DVDanger: C is for Clown

Rampant coulrophobia on DVD and VOD

Make 'em laugh: Here come the clowns in Rob Zombie's 31.

Who weeps for the clown? After the ventriloquist (shudder) and the mime, is there any more loathed performer? They even have an actual clinical, diagnosable phobia attributed to them.

The ever-laughing loons of the circus are so embedded in the popular psyche that a recent wave of evil clown sightings (no, really) has swept the South, even popping up in Austin.

Of course, who has been blamed for this outbreak? Films, duh. After all, from The Man Who Laughs onward, directors have understood the implicit evil of that pallid face and fixed grin. From It to American Horror Story, clowns have been a go-to for terrormongers.

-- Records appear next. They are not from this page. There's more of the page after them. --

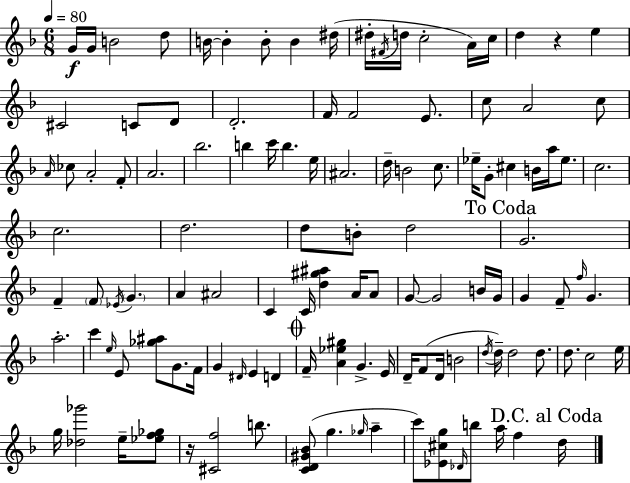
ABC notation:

X:1
T:Untitled
M:6/8
L:1/4
K:Dm
G/4 G/4 B2 d/2 B/4 B B/2 B ^d/4 ^d/4 ^F/4 d/4 c2 A/4 c/4 d z e ^C2 C/2 D/2 D2 F/4 F2 E/2 c/2 A2 c/2 A/4 _c/2 A2 F/2 A2 _b2 b c'/4 b e/4 ^A2 d/4 B2 c/2 _e/4 G/2 ^c B/4 a/4 _e/2 c2 c2 d2 d/2 B/2 d2 G2 F F/2 _E/4 G A ^A2 C C/4 [d^g^a] A/4 A/2 G/2 G2 B/4 G/4 G F/2 f/4 G a2 c' e/4 E/2 [_g^a]/2 G/2 F/4 G ^D/4 E D F/4 [A_e^g] G E/4 D/4 F/2 D/4 B2 d/4 d/4 d2 d/2 d/2 c2 e/4 g/4 [_d_g']2 e/4 [_ef_g]/2 z/4 [^Cf]2 b/2 [CD^G_B]/2 g _g/4 a c'/2 [_E^cg]/2 _D/4 b/2 a/4 f d/4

Hell, even a clown doll in Poltergeist was enough to cause a generation of nightmares. And so this latest clownwave – real or hysteria – has already been blamed on two different films, like some red-nosed viral advertising.

I have to say, I've never got the clown hatred. Similarly, I personally have never understood the rampant lambasting of Rob Zombie's films. He makes entertaining, stylized, throwback horrors with an aesthetic that can never be confused with anyone else. Critiquing him and his work on anything other than those terms is like getting mad at the late, great Herschell Gordon Lewis for making ridiculous bloodbaths, or Woody Allen for navel-gazing. Zombie is who he is, he makes films that appeal to audiences who like him for that, and he's not aiming to change his storytelling style, any more than he'll swap his day job producing electro/metal/boogie for conducting the Boston Philharmonic.

After the dourly supernatural and incredibly divisive Lords of Salem, Zombie returns to the vintage Southwestern road trip on which he cut his teeth with the double blast of House of 1000 Corpses and The Devil's Rejects, riding shotgun with a bunch of down-at-luck carnies. But first, here comes the clowns – if that's what you can call them.

"I'm certainly not here to elicit an amused response," intones psychopathic murderer Doomhead (Richard Brake, Game of Thrones' Night King), unblinking in an opening monologue. After all, as he explains, he's not a clown. He's a cold-blooded killer hired every Halloween by a cabal of millionaires to dispatch a randomly selected group of travelers, people no one would miss.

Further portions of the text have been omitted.